Exercise details - Restate the whole of the data below word for word, skipping the images.

Records for processing -
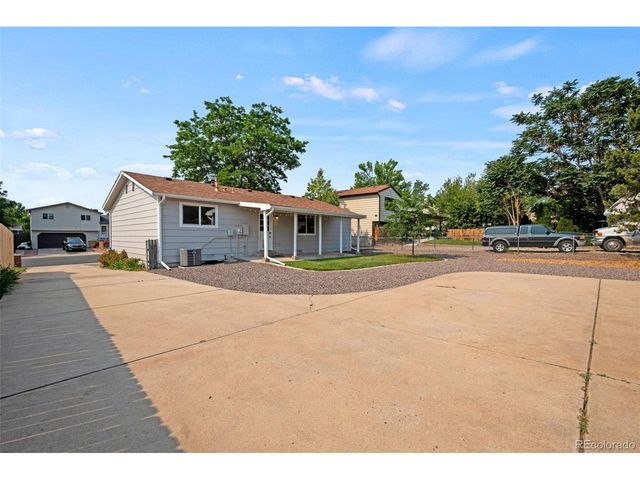 6341 W 111th Ave, Westminster, CO 80020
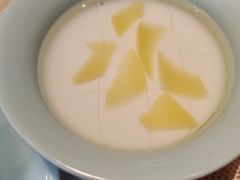 -之参餐厅(前门大街店)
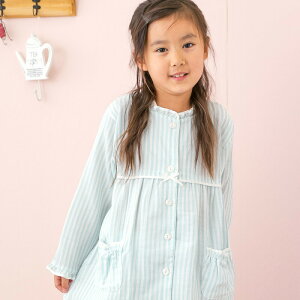 pW} LbY   100ɗDƂ_炩K[[kXgCv@t @130cm/140cm/150cm/160cm OJ wK@ъԊwZ@Cws@iCgEFA@[EFA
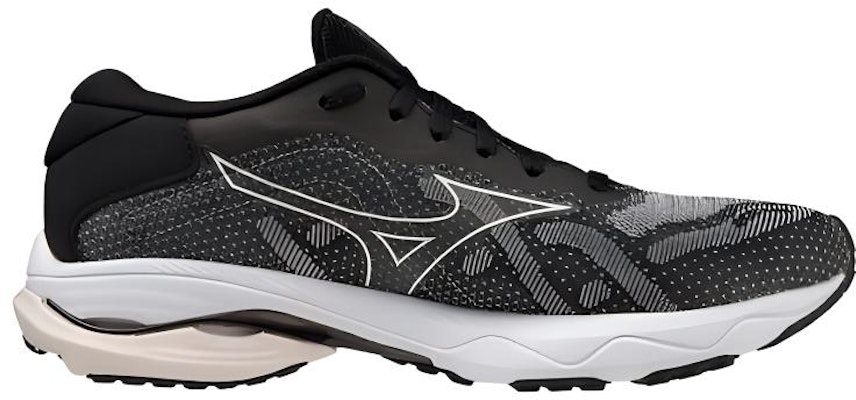 (Women) Mizuno Wave Ultima 14 'Grey' J1GD231822 Order (Women) Mizuno Wave Ultima 14 'Grey' J1GD231822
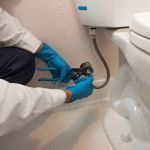 Benjamin Franklin Plumbing of Dover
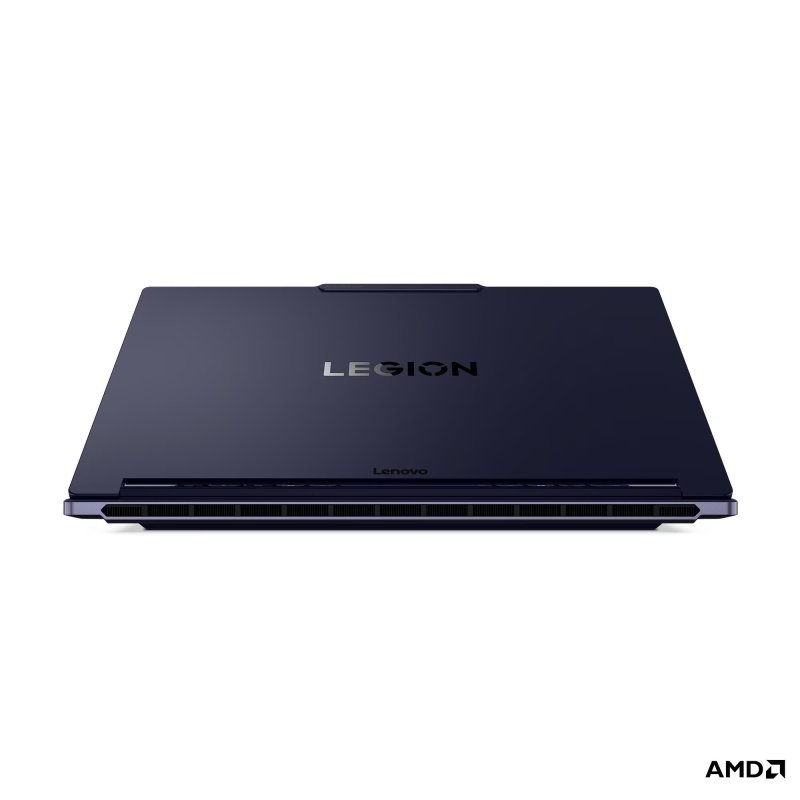 Legion 7 15.3"WQXGA / RAIMAX / 32G / 1T / INT / bezOS / noA - obrázek č. 2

Response -
 6341 W 111th Ave, Westminster, CO 80020
 -之参餐厅(前门大街店)
 pW} LbY   100ɗDƂ_炩K[[kXgCv@t @130cm/140cm/150cm/160cm OJ wK@ъԊwZ@Cws@iCgEFA@[EFA
 (Women) Mizuno Wave Ultima 14 'Grey' J1GD231822 Order (Women) Mizuno Wave Ultima 14 'Grey' J1GD231822
 Benjamin Franklin Plumbing of Dover
 Legion 7 15.3"WQXGA / RAIMAX / 32G / 1T / INT / bezOS / noA - obrázek č. 2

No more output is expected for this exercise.